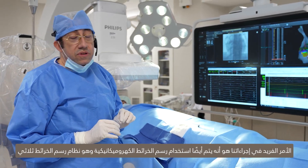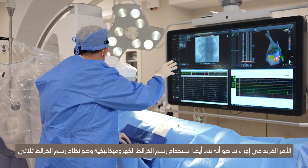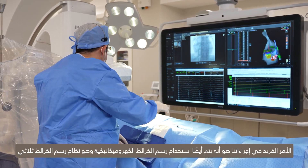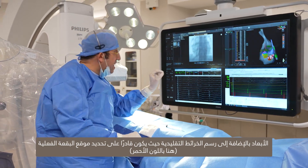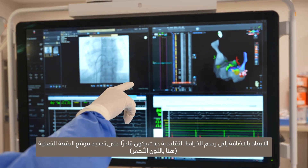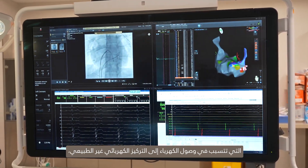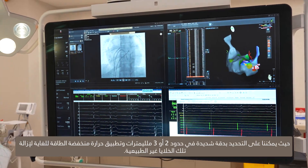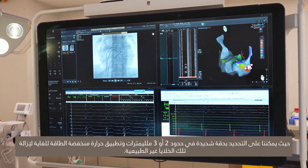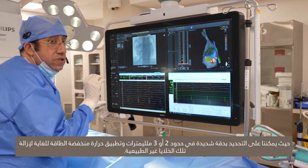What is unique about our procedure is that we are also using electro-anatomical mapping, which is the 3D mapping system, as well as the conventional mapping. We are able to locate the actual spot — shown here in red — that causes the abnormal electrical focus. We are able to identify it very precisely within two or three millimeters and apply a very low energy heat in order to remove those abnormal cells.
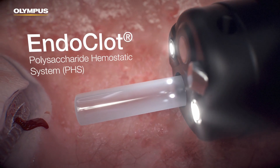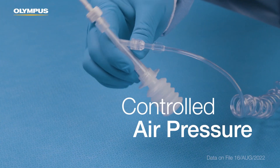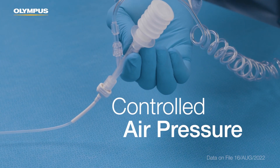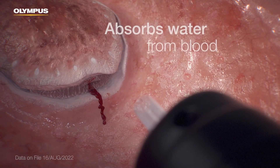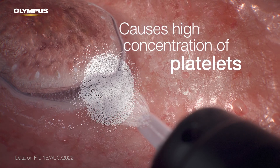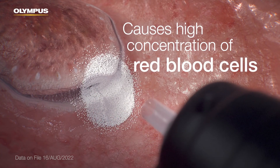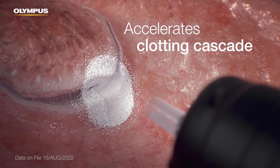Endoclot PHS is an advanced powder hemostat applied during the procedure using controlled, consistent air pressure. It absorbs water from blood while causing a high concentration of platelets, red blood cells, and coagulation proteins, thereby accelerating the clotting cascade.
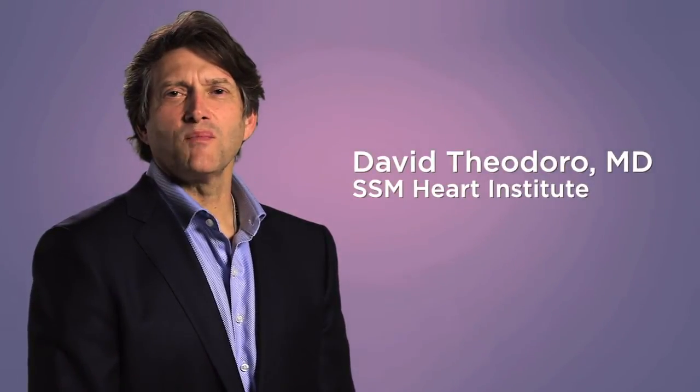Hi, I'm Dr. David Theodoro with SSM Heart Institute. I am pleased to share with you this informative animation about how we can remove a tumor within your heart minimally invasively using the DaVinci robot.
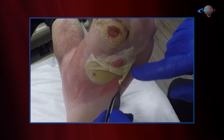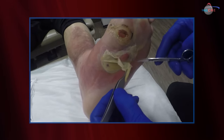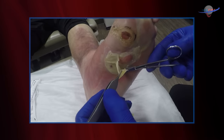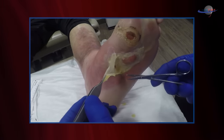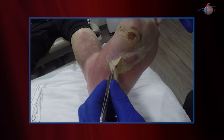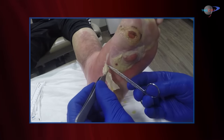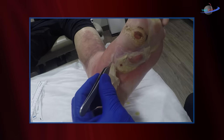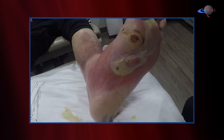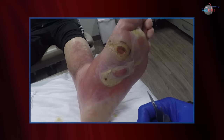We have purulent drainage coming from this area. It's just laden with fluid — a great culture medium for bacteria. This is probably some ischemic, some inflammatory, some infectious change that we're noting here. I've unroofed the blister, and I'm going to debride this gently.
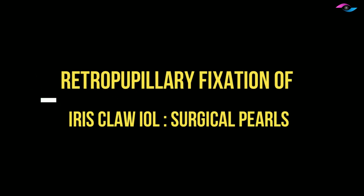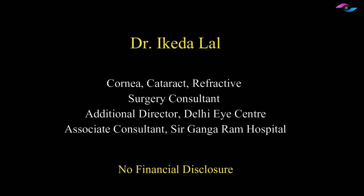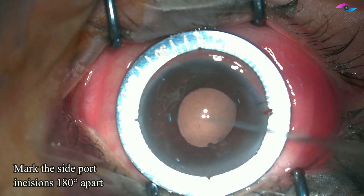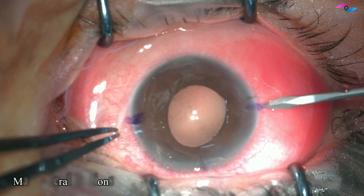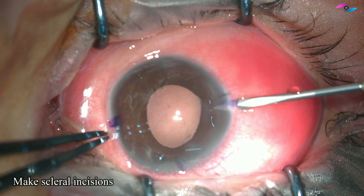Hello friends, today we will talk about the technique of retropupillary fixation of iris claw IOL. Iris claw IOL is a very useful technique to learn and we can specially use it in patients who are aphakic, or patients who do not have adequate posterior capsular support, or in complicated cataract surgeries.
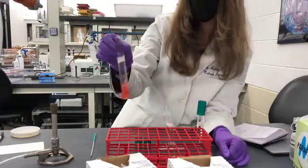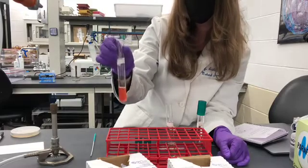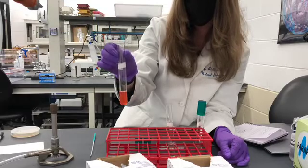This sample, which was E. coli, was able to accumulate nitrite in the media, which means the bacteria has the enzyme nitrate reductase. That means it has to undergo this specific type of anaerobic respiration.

### Exercise details
Write out again exactly the lines above from the one with "Endoclot PHS is" through the one with "We have purulent", adding no other lines and no pictures.

### Reply
Endoclot PHS is an advanced powder hemostat applied during the procedure using controlled, consistent air pressure. It absorbs water from blood while causing a high concentration of platelets, red blood cells, and coagulation proteins, thereby accelerating the clotting cascade.
Hi, I'm Dr. David Theodoro with SSM Heart Institute. I am pleased to share with you this informative animation about how we can remove a tumor within your heart minimally invasively using the DaVinci robot.
We have purulent drainage coming from this area. It's just laden with fluid — a great culture medium for bacteria. This is probably some ischemic, some inflammatory, some infectious change that we're noting here. I've unroofed the blister, and I'm going to debride this gently.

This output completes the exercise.